I often wonder if the prevalent attitude toward the earth and nature isn’t some subconscious form of payback , taken too far, for the millions of years we spent on the receiving end, fighting to stay alive, hiding from predators, cursing the snow, and spreading smoking human blood on our crops in hopes we would receive a bountiful harvest. If we don’t somehow want to make ourselves into machines or at least untouchable gods that can peer down from on high at the ruined wilds from whence we came, to live in a world of our own creation where we are insulated from fear, sickness, and pain, eventually any emotion at all, floating unstimulated blobs who have forgotten how to live but are fixated on existing as long as they can. That may be stretching it but there are days out there in that mess when it doesn’t seem so far off, days when I need to come home and get my hands full of flour and butter, to inhale the smell of sautéing mushrooms or bubbling Thai curry. To feel as though maybe, just maybe, we’ve got a fighting chance.

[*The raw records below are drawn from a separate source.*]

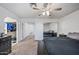 Comfortable bedroom with carpeted flooring, ceiling fan, walk-in closet, and stylish furnishings at 7949 W Pershing Ave, Peoria, AZ 85381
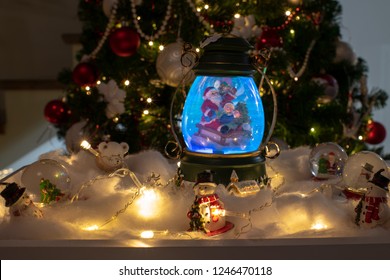 Christmas Decoration, Snow Dome, Globe With Table Decoration, Santaclaus On Sleigh With Child In Winter Scene With Snowflakes, Reindeer Snowglobe And Polar Bears, Tree In Background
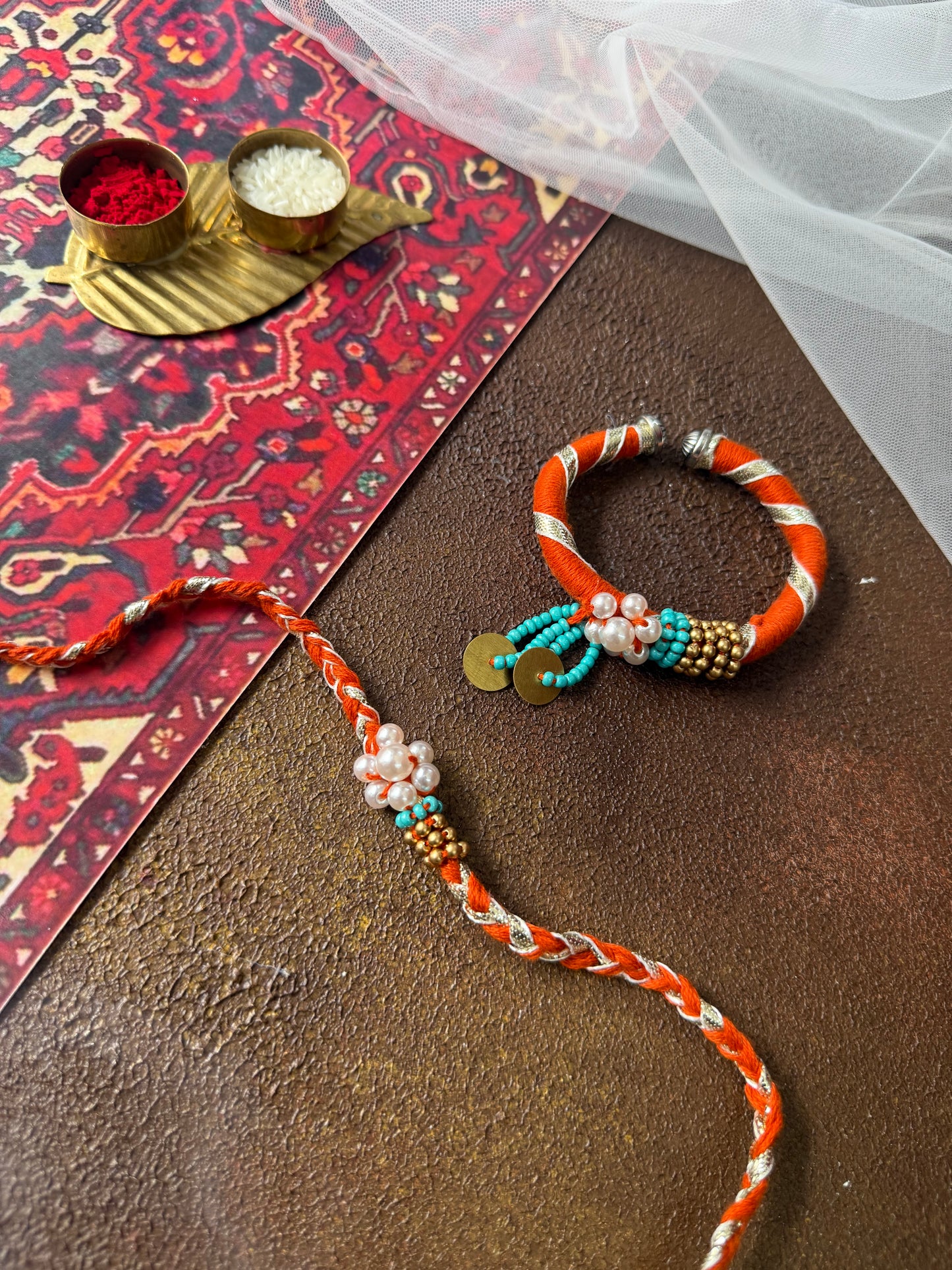 Orange Pearl Couple Rakhi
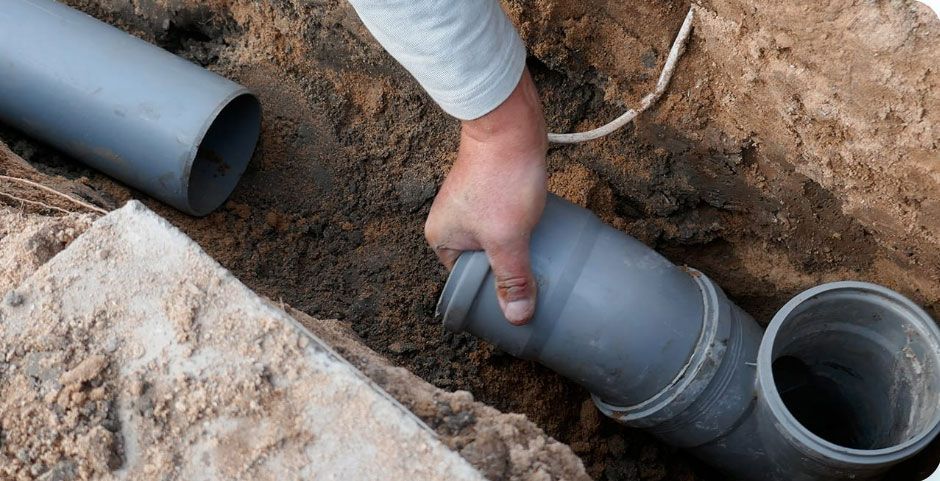 Worker fitting gray PVC pipe in a dirt trench beside an open pipe opening.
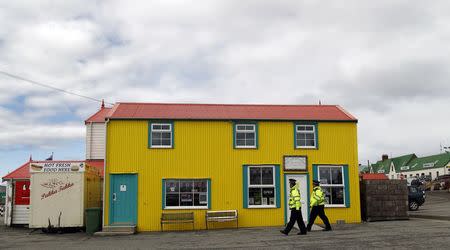 Falkland Islands policemen patrol the streets in Stanley, March 11, 2013. REUTERS/Marcos Brindicci/File Photo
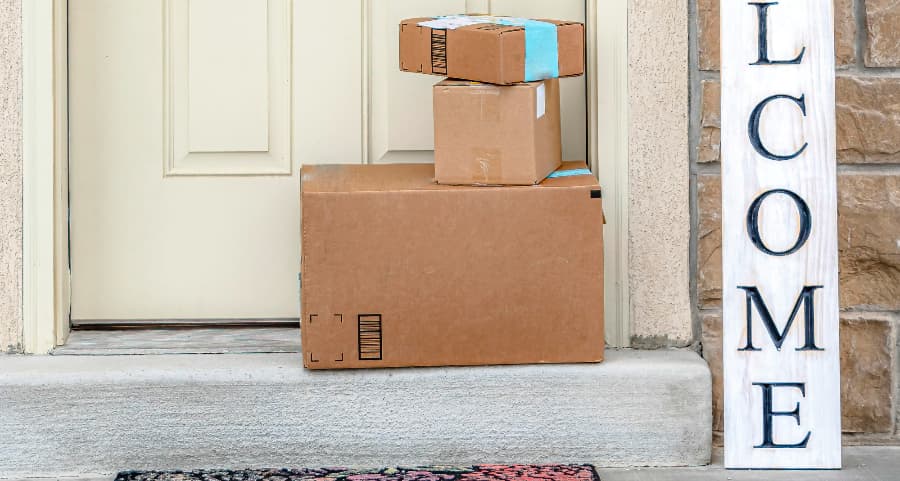 Boxes by the door of a residence with a welcome sign in West Bloomfield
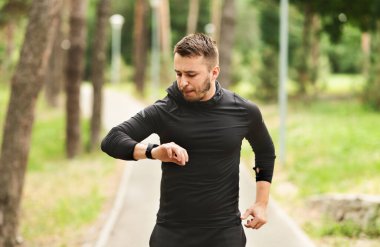 Sabah Rutini Konsepti. Parkland 'da koşan yakışıklı adamın portresi, akıllı saatinde kalp atışlarını kontrol ediyor.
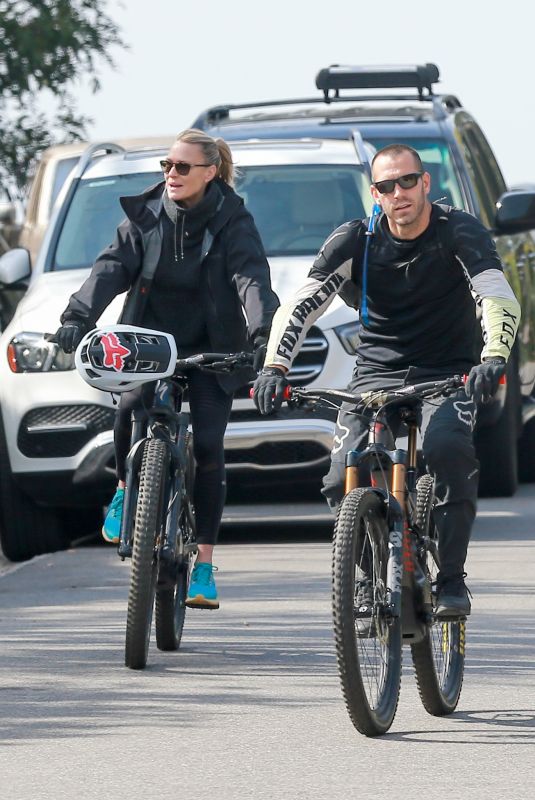 ROBIN WRIGHT and Clement Giraudet Out Riding Bikes in Los Angeles 02/11/2021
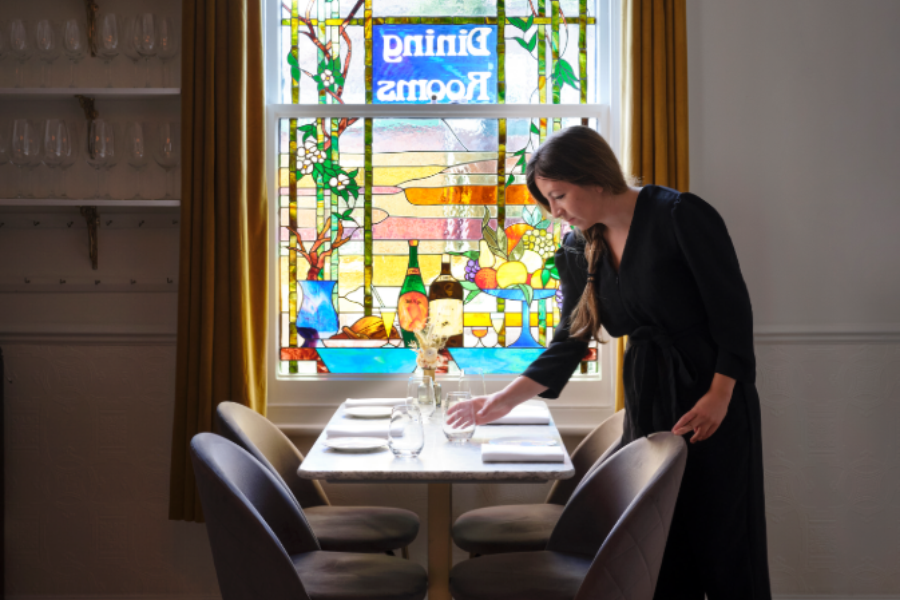 Server laying a table beside a window and a shelf of colourful bottles, Cambridge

I am not much of a cook but I love to plant vegetables and eat them off the vine or toss them in a salad. I agree with you that it is more interesting and fun to visit the roadside stands to get fruits and veggies and that the simple pleasures in life are the most rewarding.
This is a bit why people continue to hunt and fish. Our family tends not to hunt, but the men do live for fishing. Fishing definitely includes rendering the meat from the guts and all points in between.
If you truly want to get Meta, the truly frightful aspect of modern culture is the trend of deep-frying. Deep-fried Twinkies, Deep-fried Cola, just about anything that has been processed and repackaged can probably be made fit to be deep-fried. Here we have a familiar product created from mysterious origins, reprocessed anew in the kitchen as if it were a natural resource. Some consider the result and immediately think “delicious,” but my gut-reaction is a bit frightful.
Our generation, the progeny of the baby-boomers, were some of the first to experience mothers who had no interest in handing-down recipes. People our age and below are raising families strictly on processed foods.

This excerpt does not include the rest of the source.